The ten coal producers that export coal through the Port of Newcastle include Glencore Coal, Yancoal Australia, Peabody Energy, Centennial Coal, Whitehaven Coal and MACH Energy Australia.
The interim authorisation does not allow the producers to enter into collectively negotiated agreements with PNO, or allow them to share individual coal projection volumes, customer pricing information or marketing strategies.
PNO is currently negotiating with individual coal producers over a proposed ten-year deed for access to the port.
The ACCC said on Thursday that allowing coal producers to collectively negotiate would give producers an opportunity to reduce ongoing uncertainty and achieve more timely outcomes.
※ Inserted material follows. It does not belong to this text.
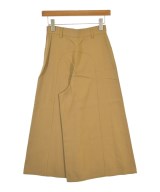 See By Chloe（シー　バイ　クロエ）その他 ベージュ サイズ:34(XXS位) レディース/2200672520037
“We have granted this interim authorisation because coal vessels will soon be facing higher port service charges if coal producers don’t execute a deed with the Port of Newcastle,” ACCC commissioner Stephen Ridgeway said.
“Because participation is voluntary we do not believe this authorisation will impact competition between the producers. Individual coal producers are still free to negotiate separately if they believe they can get a better deal,” Ridgeway said.
“PNO is also free to decide whether or not to negotiate with the coal producers collectively.”
A draft determination is anticipated for May or June 2020 and a final determination will be made in July or August 2020.